There are a number of regulatory and compliance issues you need to be aware of when starting your own business, even if it is part time. This ranges from tax obligations to business licences and consents. You’ll need to find out more about what is required from Inland Revenue, ACC and other government departments. The compliance section of the Business.govt.nz website is a good place to start.
Your tax obligations
You’ll need to complete a tax return for your home business. How you go about paying your tax depends on whether you are registered as self-employed or have registered your business as a company. A company is considered an individual in its own right and has to complete its own tax return.

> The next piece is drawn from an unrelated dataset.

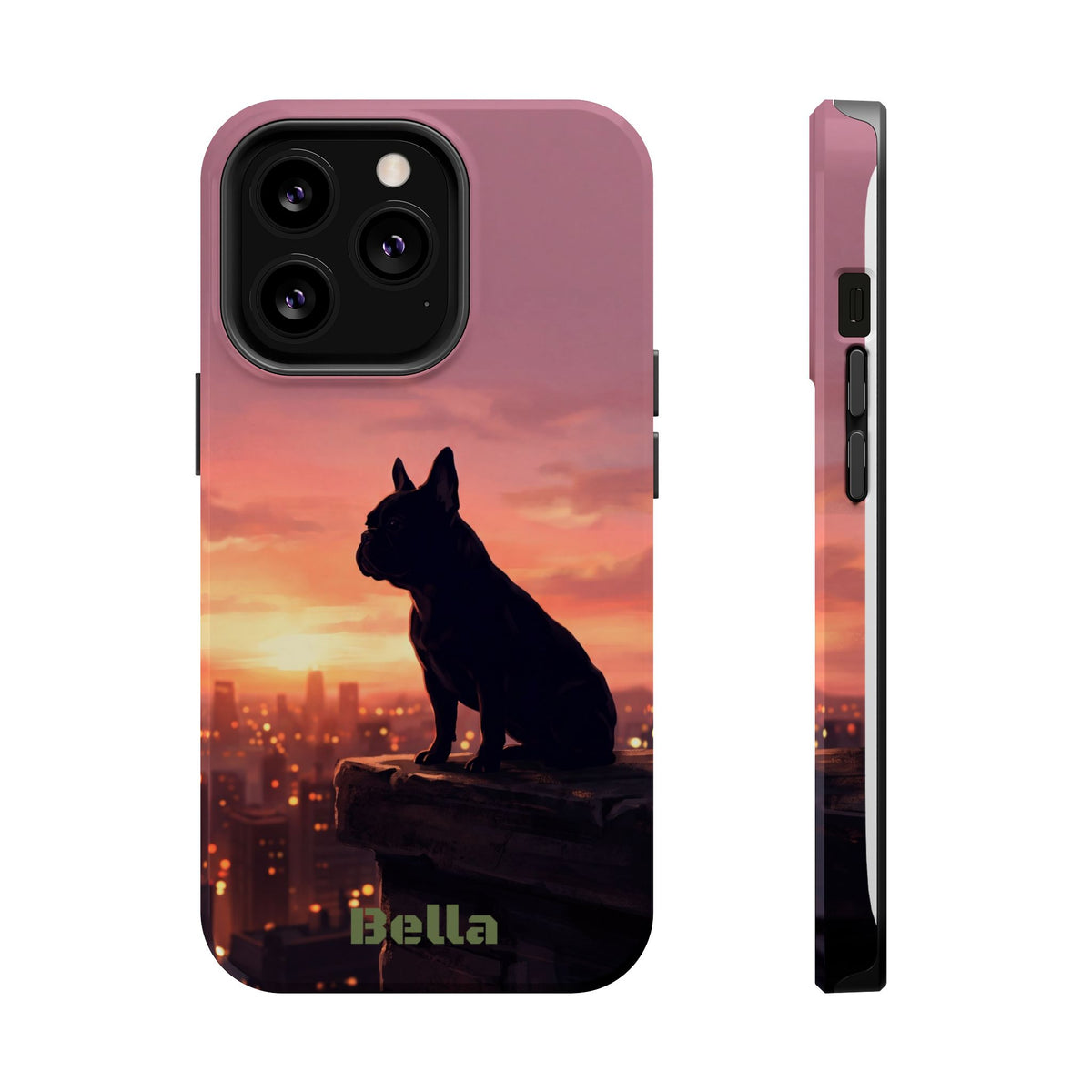 Personalized French Bulldog City Skyline Sunset Phone Case — Wireless Charging Cover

If you are self-employed, any income you earn is your personal income. Therefore, at the end of the tax year, you add your personal income from your day job and your personal income from your part-time business together. In your tax return, you state your total earnings, what tax you owe on those earnings, and how much of that tax you have already paid on your earnings from your day job.
You can still claim expenses like a portion of your rent or rates, mortgage interest, and telephone and power bills, and claim depreciation on any business assets that have a lifespan of more than 12 months, such as your computer, desk, and printer.
You can also claim for business travel expenses and expenses related to using a vehicle for work. Visit the IR website for more information on claiming business expenses.
Where to get advice
While you can bounce business ideas off family and friends, you’ll also need to cultivate a network of business people and professionals to assist you. Get in contact with your local industry association or Chamber of Commerce and ask for advice, or simply attend their regular meetings to widen your circle of business contacts.
For ongoing support, consider contracting an accountant to go through your books or a lawyer to assist with any legal issues. If you have been in business for more than 12 months and have fewer than 25 employees, you can access the New Zealand Business Mentor Programme.
- Complete this checklist to see if you’re ready to start your business.
- Set up your work space and either arrange a separate phone line or purchase a work mobile phone.
- Find out about the different cost options for PO boxes.
- Create a website, brochures and business cards for your new business.
- Contact the IRD to register your business as a company or register as self-employed, and to request an information pack.
- Join your local Chamber of Commerce to access ongoing business support and advice and network with other business owners so that you don’t feel so isolated.